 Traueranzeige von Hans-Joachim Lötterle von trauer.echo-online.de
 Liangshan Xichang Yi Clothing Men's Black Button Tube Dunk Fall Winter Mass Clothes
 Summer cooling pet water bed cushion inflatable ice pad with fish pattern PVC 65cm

◆ ◆ ◆ ◆ ◆

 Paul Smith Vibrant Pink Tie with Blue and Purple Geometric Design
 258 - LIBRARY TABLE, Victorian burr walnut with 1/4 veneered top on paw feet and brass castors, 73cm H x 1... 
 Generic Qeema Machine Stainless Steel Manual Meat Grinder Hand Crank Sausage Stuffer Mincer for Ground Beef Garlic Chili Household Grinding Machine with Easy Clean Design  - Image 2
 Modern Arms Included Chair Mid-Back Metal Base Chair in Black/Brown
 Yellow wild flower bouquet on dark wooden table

◆ ◆ ◆ ◆ ◆

◆ **ASSIGNED TASK**:
Print only what lies in the material above starting at the line with "258 - LIBRARY" and ending at the line with "Modern Arms Included", every line exactly as given.

◆ **COMPLETED TASK**:
 258 - LIBRARY TABLE, Victorian burr walnut with 1/4 veneered top on paw feet and brass castors, 73cm H x 1... 
 Generic Qeema Machine Stainless Steel Manual Meat Grinder Hand Crank Sausage Stuffer Mincer for Ground Beef Garlic Chili Household Grinding Machine with Easy Clean Design  - Image 2
 Modern Arms Included Chair Mid-Back Metal Base Chair in Black/Brown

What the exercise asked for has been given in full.